Pour mieux se réinventer, Damon Albarn  est donc allé chercher l’inspiration du côté de l’Afrique et de l’Europe au XIIe au XXIe siècle en s’associant au réalisateur du film « Timbuktu », Abderrahmane Sissako. Dans cette collaboration étroite à partir des récits Michel Leiris, le musicien britannique et le cinéaste abordent ici les thématiques de l’esclavage, la colonisation, la spoliation, l’exploitation.

Ce soir,  37 artistes musiciens, chanteurs et danseurs évoluent sur l’immense scène centrale du Théâtre du Châtelet.

 

(c)Hélène Pambrun

Le spectateur assiste à un incessant va et vient de tableaux et de décors mouvants, d’écrans géants où sont projetées des images de foule, de constructions urbaines, symboles de la mondialisation. Surprenant ce « Congo bonheur” lieu de débauche excentrique.  Étonnantes ces immenses baies vitrées d’un salon colonial, intrigant ce fameux Boli, objet rempli de magie, représentant un petit buffle capable d’accomplir des actes extraordinaires que l’on retrouve comme fil conducteur du show.

(c)Cyril Moreau

La scénographie fluide d’ Abderrahmane Sissako aborde le sujet de l’ Afrique maintes fois colonisée au fil des siècles mais poses des questions existentielles, la vérité et le mensonge, les rapports de force entre l’Europe et l’Afrique, du Moyen Age à nos jours. En plein mouvement #BlackLivesMatter, alors que la Chine  colonise à son tour le continent Africain, ce spectacle nous donne à réfléchir sur l’impérialisme et plus généralement les relations complexes et douloureuses entre les continents. Plus qu’une condamnation, ce spectacle suscite l’émotion et appelle le spectateur à la réflexion. Cette œuvre musicale n’a pas vocation à faire la leçon à l’Europe. Elle vise à mieux nous faire comprendre le monde actuel.

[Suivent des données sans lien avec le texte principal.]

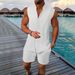 Men's Summer Sleeveless Vest & Shorts Set – Breathable Polyester Casual Outfit (Light Blue/White/Black/Apricot, S-XXL, Loose Fit, Unisex Style)_viptrois.com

Les personnages principaux font une forte impression. On retiendra la présence charismatique de Fatoumata Diawara dont la voix puissante aux envolées lyriques fait de belles étincelles . Le comédien Baba Sissoko incarne avec majesté  un griot narrateur. Les scènes cocasses et drôles viennent de François Sauveur qui campe tour à tour les rôles Michel Leiris, un maître, un dictateur fou, un résistant, Léopold II, une incarnation du pouvoir blanc.

Coup de cœur pour la musique brillante dirigée en live par Damon Albarn, jouée ici par 12 musiciens autour d’instruments de musique médiévale (flûtes , basson renaissance, trompes ) et instruments africains (Djembe, Kora, Balafon).  On retrouve d’ailleurs avec plaisir un virtuose de la Kora, l’excellent Mamadou Diabaté.  La musique se faufile à travers l’action, mets tantôt en relief la spoliation du Congo, le pillage des minerais, l’esclavage ou bien illustre de façon plus amusante, les animations informatiques sur écran géant, telles  les constructions urbaines, symboles de la mondialisation galopante. On apprécie aussi les costumes d’Élisabeth Cerqueira conçus à partir de matériaux de récupération, aussi étranges que singuliers, le plus réussi étant celui de cet homme recouvert de bouteilles en plastique, symbole la pollution des mers.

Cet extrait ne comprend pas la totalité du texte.